Machine Learning Systems spans Machine Learning (computer science/statistics) and Systems (computer architecture/hardware). Each field developed its notation independently, and many symbols mean different things depending on the community, paper, or literature using them. This collision creates real confusion when the disciplines merge. The conventions below establish a single notation for eliminating ambiguity.

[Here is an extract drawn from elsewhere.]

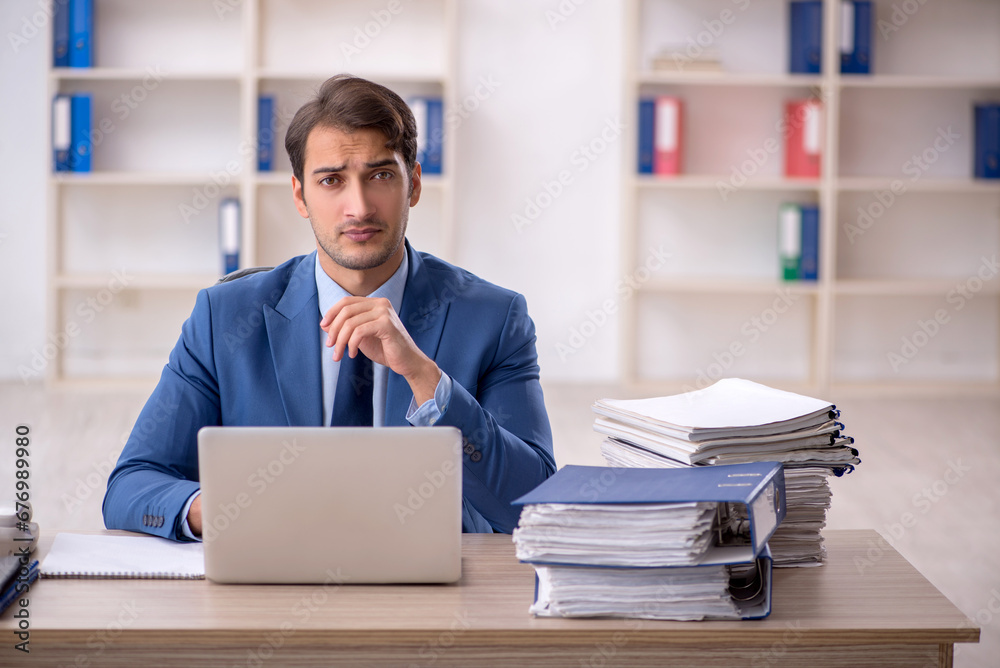 Young male employee and too much work in the office Young male employee and too much work in the office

Consider a simple statement: “Increasing \(B\) improves throughput.” To an ML researcher, \(B\) means batch size. To a hardware engineer, \(B\) means bandwidth. Both interpretations are correct in their respective fields, but in ML Systems we need both concepts in the same equation—hence the need for a single, consistent convention.

The Iron Law of ML Systems

The fundamental performance equation of this book, introduced in the opening chapter, is:

\[T = \frac{D_{\text{vol}}}{\text{BW}} + \frac{O}{R_{\text{peak}} \cdot \eta_{\text{hw}}} + L_{\text{lat}}\]

Each variable was chosen deliberately to avoid collision with standard ML terminology.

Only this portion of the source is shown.